L’art automobile a-t-il atteint son apogée ? Ou le manque d’audace dans le design est-il une stratégie ? La question peut se poser en parcourant le salon de Francfort, où l’on peine parfois à distinguer les nouveaux modèles des anciens.
Loin d’être un signe de paresse, la tendance à adapter légèrement le style à chaque nouvelle génération de voitures permet aux marques de soigner leur image, fidéliser leur clientèle et préserver leur rentabilité, assurent professionnels et experts.
Ce sont les constructeurs allemands qui ont été les pionniers de ce principe d’évolution en douceur. « Chez Audi et Volkswagen, même les amateurs de voitures en arrivent à être perdus pour identifier les différentes générations », s’amuse un professionnel du secteur préférant garder l’anonymat.
Ce phénomène se retrouve au sein des segments et des marques du groupe VW : le nouveau gros 4×4 Porsche Cayenne, présenté cette année à Francfort, ressemble comme deux gouttes d’eau à l’ancien.
La marque de Stuttgart, il est vrai, a lancé la tendance avec son coupé 911 qui garde le même profil depuis… 1963.
« La notion d’image est extrêmement importante (…) le produit en soi devient une marque, et c’est très juteux pour une entreprise automobile », indique à l’AFP Alexandre Malval, chef du design de Citroën.
Quelle stratégie du design
Pour lui, en design, « les Latins aiment bien, c’est dans leur culture, essayer de repartir d’une feuille blanche, parfois de manière excessive ». En revanche, « l’approche germanique est beaucoup plus conservatrice ».
BMW, après une révolution stylistique controversée lancée par le designer Chris Bangle sur ses grosses berlines série 7 de 2001 et série 5 de 2004 toutes en angles torturés, est rentré dans le rang.
Et sur les stands du salon de l’automobile, qui ouvre ses portes au public samedi après les médias et les professionnels, le phénomène semble faire tache d’huile à tous les niveaux de prix : Bentley Continental GT, Honda CR-V et Dacia Duster flambants neufs gardent un furieux air de famille avec leurs prédécesseurs.
« La voiture est connue et reconnue sur les marchés et très appréciée, on n’a pas voulu du tout repartir d’une page blanche, mais plutôt capitaliser sur le côté robuste, sympathique » du Duster, qui s’est vendu à deux millions d’exemplaires sous les marques Renault et Dacia depuis 2010, indique à l’AFP le chef du design de cette dernière marque, David Durand.
« Pourtant, on a tout redessiné, il n’y a pas une pièce commune », promet-il.

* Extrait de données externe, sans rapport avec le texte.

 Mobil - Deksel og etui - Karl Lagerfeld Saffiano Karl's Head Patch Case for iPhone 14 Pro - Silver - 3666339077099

« Une marque va être capable de vous dire, ‘elle ressemble à l’ancienne mais on a changé 90% des composants' », remarque Marc Mechaï, responsable du secteur automobile chez Accenture.
Limiter les risques
Flavien Neuvy, directeur de l’Observatoire Cetelem de l’automobile, identifie une « volonté de limiter les risques » de la part des constructeurs qui jouent gros sur chaque nouvelle voiture, surtout en cœur de gamme où les volumes se comptent en centaines de milliers d’unités.
« Il peut y avoir soit une frilosité marketing, soit une volonté délibérée de préserver un succès, ou peut-être des contraintes techniques qui nous empêchent finalement d’aller aussi loin qu’on le souhaiterait », complète M. Malval.
Ces évolutions parfois timides répondent aussi à un impératif économique dans un secteur où de plus en plus de voitures passent par des canaux de location longue durée.
« On sait que le design est quand même un des principaux critères d’achat avec le prix et la fiabilité », rappelle M. Neuvy. « Quand on retouche la silhouette, les modèles de la série précédente prennent un coup de vieux qui se retrouve dans la valeur du parc existant ».
Or, cette « valeur résiduelle » constitue un élément déterminant dans le calcul des mensualités de location. Si elle résiste mieux, les loyers calculés en début de leasing seront plus bas.
Du coup, « le véhicule, y compris sur les nouvelles générations, devient plus attractif parce qu’on sait que la valeur résiduelle va mieux tenir », souligne M. Mechaï.